Даша над Герой Тминным, который опять в кресло залез, склонилась, изо рта у него сигарету вынула, машинально затянулась дымом, закашлялась, выронила окурок. И к Потемкину опять — вплотную.

— Эдик, родненький… Сходи к нему! Старичок хорошо настроен. Оптимистично. Попросил разрешения твои работы у себя оставить. На несколько дней. Наверняка покажет кому-нибудь. А моя голова в кружевах, ну, вот… один из первых портретов, под английскую королеву, — ух и разжег его! Я думала: сейчас купит! А что? У Поцелуева денежки есть. Какую-то штучку со стены снял и на освободившееся место меня подвесил.
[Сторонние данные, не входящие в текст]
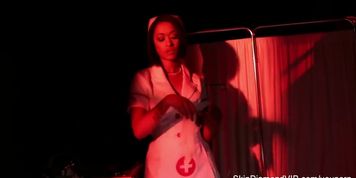 Creepy-Sexy nurse Skin Diamond dances and teases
А потом как бы про себя, скрестивши руки на груди, произнес: «Очаровательно». Протяжно так произнес и едва слышно…

— Если едва слышно, так, может, совсем другое слово произнес? — засомневался Потемкин, а Тминный, потерев ладони, съехидничал на свой манер:

— Может, хе-хе… это самое, не «очаровательно», и «очковтирательство»?

— Рифмуешь? — незлобиво усмехнулся Потемкин, попутно распушив бороду и увеличив в размере кос. — Тоже мне… Дамиан Бедный!

— А что?! Рифма вполне…

— Плохая рифма. И портрет плохой. Первое впечатление от лица. Сейчас бы я его прописал как положено…
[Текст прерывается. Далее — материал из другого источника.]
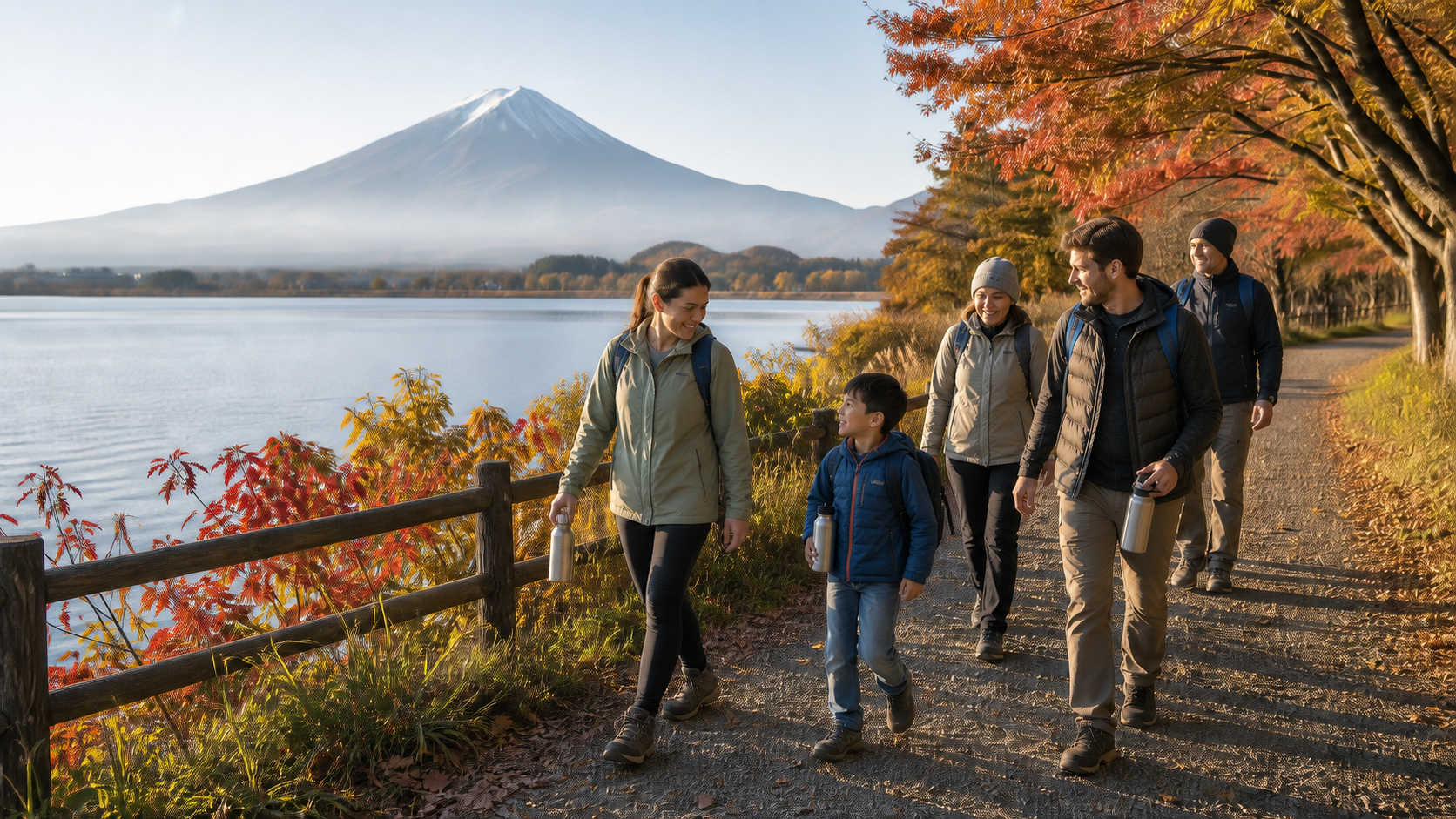 Family group walking beside Lake Kawaguchiko under autumn leaves with bare Mount Fuji in the distance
— Первое — самое достоверное! — опять на скорую руку срифмовал Тминный, а развеселившаяся Даша радостно ему зааплодировала.

— Эдик, лапушка… Сходи ты к Поцелуеву, посети. Главное — с места сдвинуться. У тебя и предлог для визита есть: картины свои забрать. Все естественно. Хочешь, я за тобой заеду на той неделе? Прихватим пяток работ, помягче, поласковей которые… Поверь мне: зацепило его что-то! Меня ведь не проведешь. Глаза у старичка так и проснулись! Вспомнил он что-то хорошее, глядя на твои пейзажи.

— Скажешь тоже… — неуверенно промямлил Потемкин, однако без прежней иронии в голосе.

И тут снизу, из лестничного отверстия, зазывный рев трубы раздался: это воодушевленные сказочным заказом мастера объявили о начале торжеств. «Врубили» магнитофон на полную, и вся обитель, как ствол гигантского орудия, напряглась, выплюнув из себя к небу восторг, рожденный «творческим энтузиазмом».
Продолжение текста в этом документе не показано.